Boosting Tech Diversity, With Magic Johnson’s Help

Boosting Tech Diversity, With Magic Johnson’s Help

Jopwell raises $3.25 million to increase Silicon Valley’s diversity quotient.

When it comes to diversity in technology, many of the largest companies have workforces that are still fairly homogeneous. When Fortune looked at employee data from some of the bigger companies—like Facebook and Google—over the summer, numbers showed that white men held most of the general and leadership positions, for which the tech industry was roundly criticized in 2014.

Now one Y Combinator-backed startup says its online recruitment platform can help close that gap by connecting some of those same tech companies with minority job applicants—a mission that a handful of prominent venture capital firms, and NBA Hall-of-Famer Earvin “Magic” Johnson, are betting on.

Launched last January, Jopwell lets recruiters take their pick from a pool of black, Latino, Hispanic, and Native American applicants who have uploaded their credentials to the site.
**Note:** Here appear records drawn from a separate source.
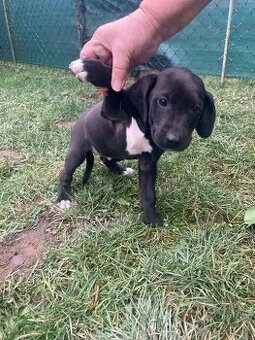 Darujem 7 týždňové šteniatko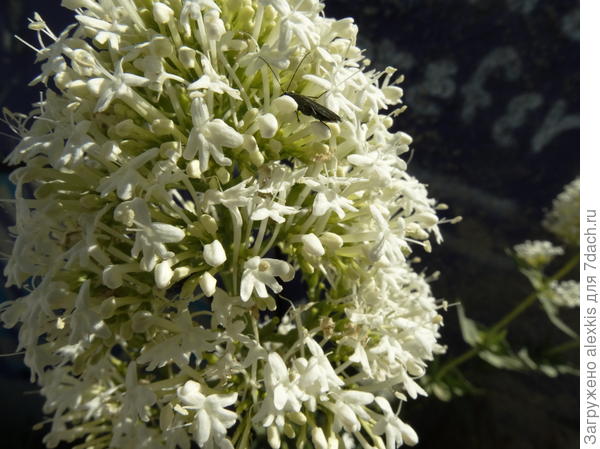 крупный план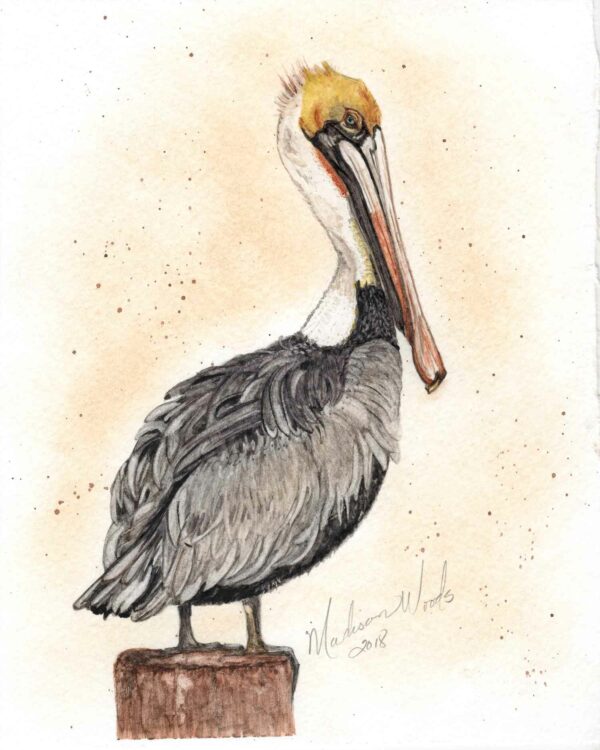 A brown pelican by Madison Woods in Ozark pigments.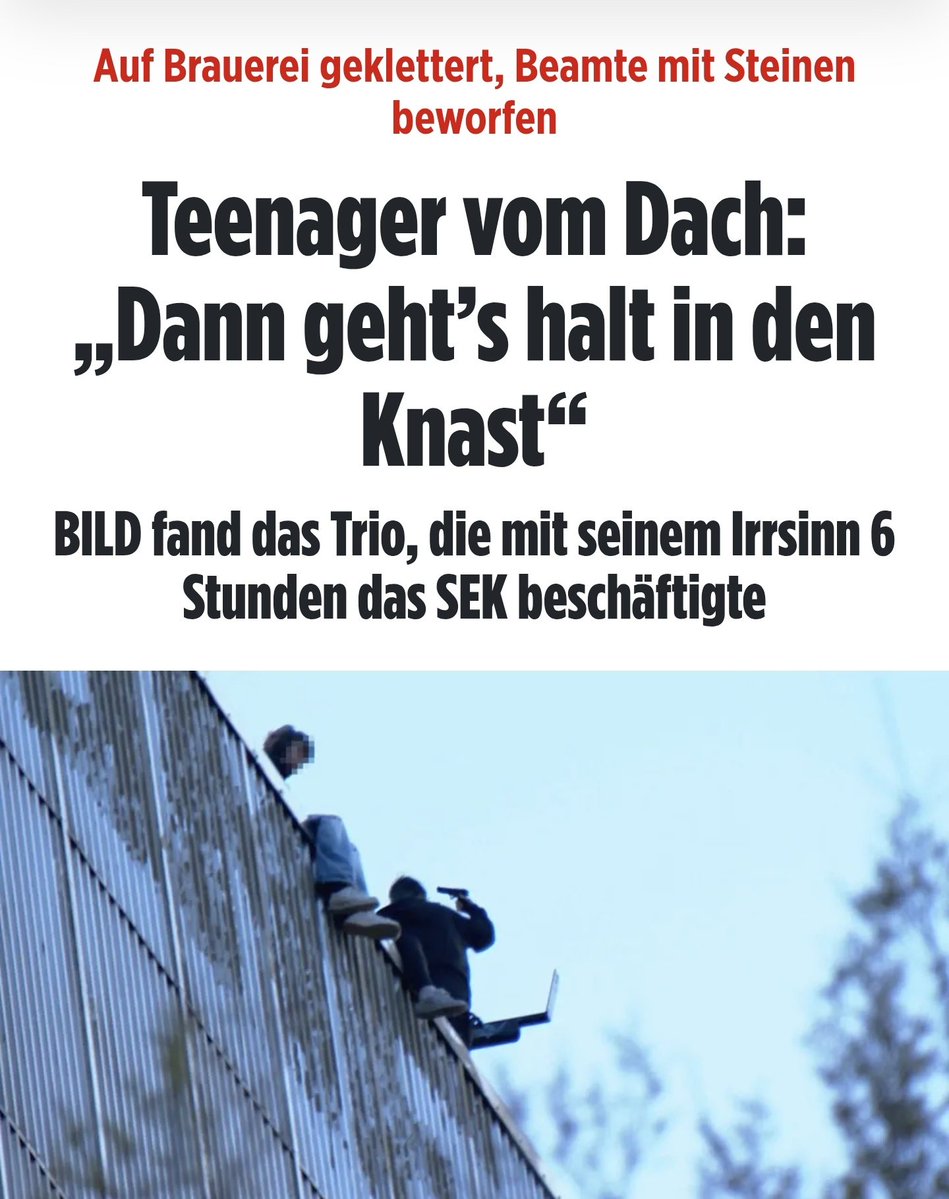 🇩🇪LilitThyra🩶 tweet media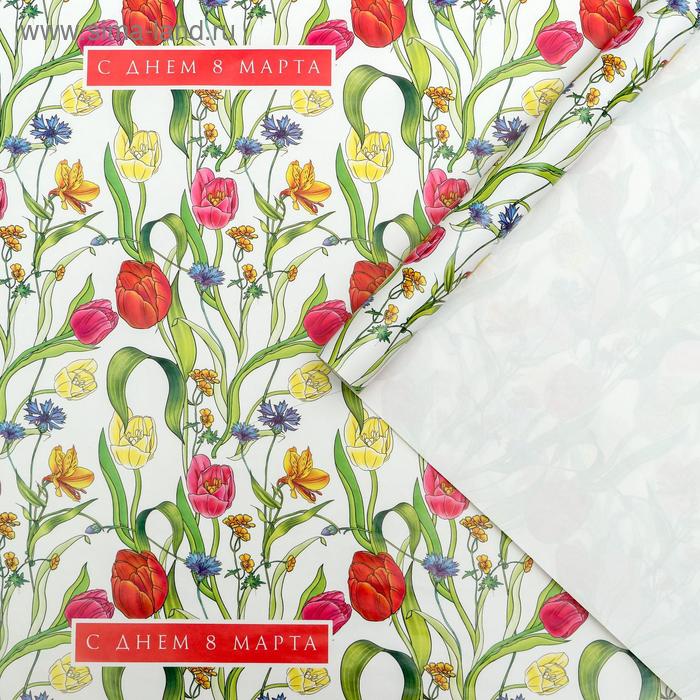 Бумага упаковочная глянцевая «Тюльпаны на 8 марта», 70 × 100 см
Бумага упаковочная глянцевая «Тюльпаны на 8 марта», 70 × 100 см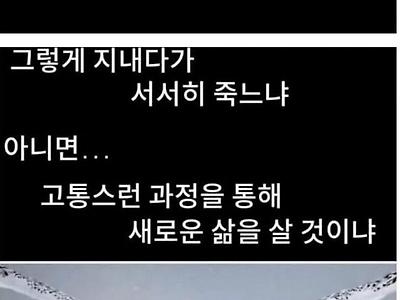 감동) 죽음을 앞둔 올빼미의 선택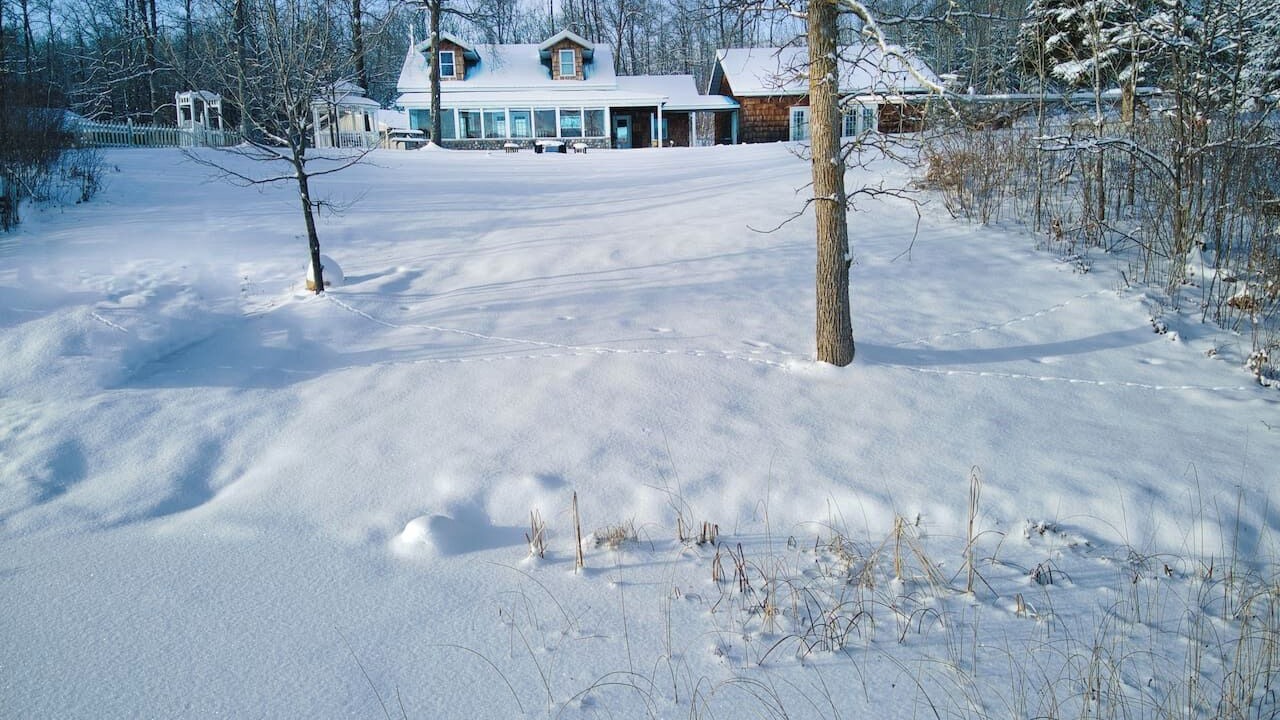 Photo of Outdoor in Bovey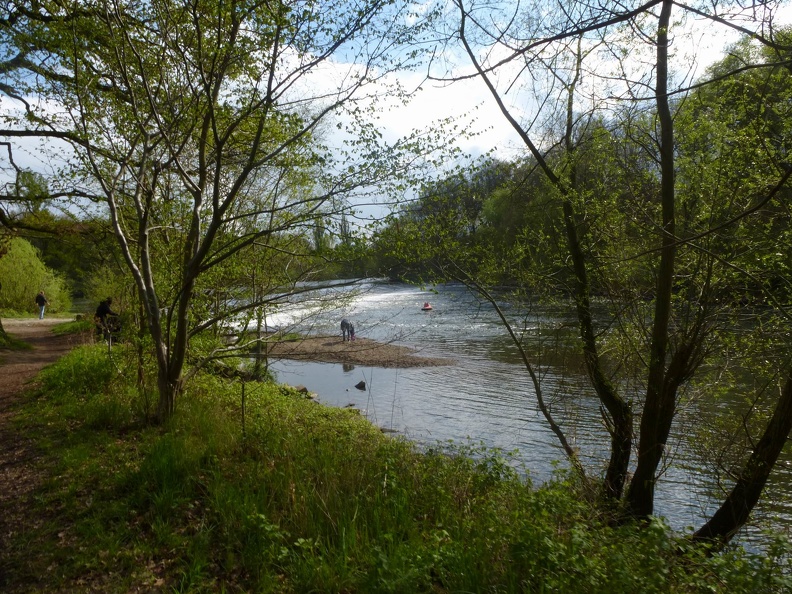 P1070447.JPG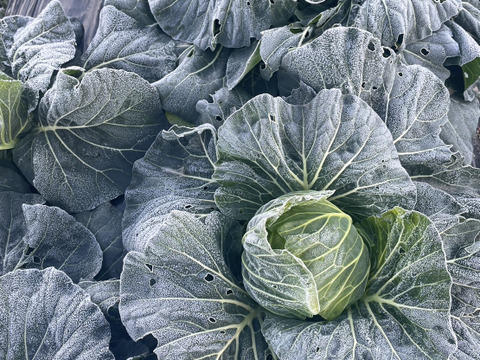 【農薬不使用】冬のあまいキャベツ　約３kg  ２〜３株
According to minority cofounders Porter Braswell and Ryan Williams, recruiter searches yield an average of 250 qualified candidates. Those recruiters are from some of the tech industry’s biggest names, including Facebook FB 4.41% , Etsy ETSY 5.15% , and Square SQ -1.70% , as well as 40 other leading companies in not only technology, but also finance, education, and healthcare. Recruiters pay to access the website, but candidates can sign up for free.

“Diversity is a commitment. It just doesn’t happen overnight—it has to be a corporate mentality, enforced from the top,” Johnson told Fortune. “At the end of the day, people make or break businesses. Diversity and inclusion in the workforce helps you attract, recruit, hire and keep the best and brightest talent.”
Along with Andreessen Horowitz, Kapor Capital, Omidyar Network, and Valar Ventures, the former Los Angeles Laker participated in a $3.25 million seed funding round, which Jopwell’s cofounders say will boost their efforts to sign up more companies on their platform.

“Employers often rely on underrepresented minority employees to informally tap into their networks and drive potential candidates,” said Jopwell cofounder Williams in a press release announcing the funding. “Our technology generates a consistently full pipeline, with thousands of qualified black, Latino, Hispanic, and Native American talent.”

If there’s a criticism of the tech industry implied in Jopwell’s own system, it’s that Silicon Valley just doesn’t know where to look when it’s hiring new people. Other efforts to address the tech sector’s diversity quotient hinge on the same idea: To make companies more diverse, relationships need to be forged between people within those companies and minority candidates who otherwise might not know where, or how, to find job opportunities in a company like Facebook or Google.

“Nearly half of all employers call their own diversity efforts weak,” said Jopwell CEO Braswell. “We want to fundamentally change how the professional workforce is built in America.”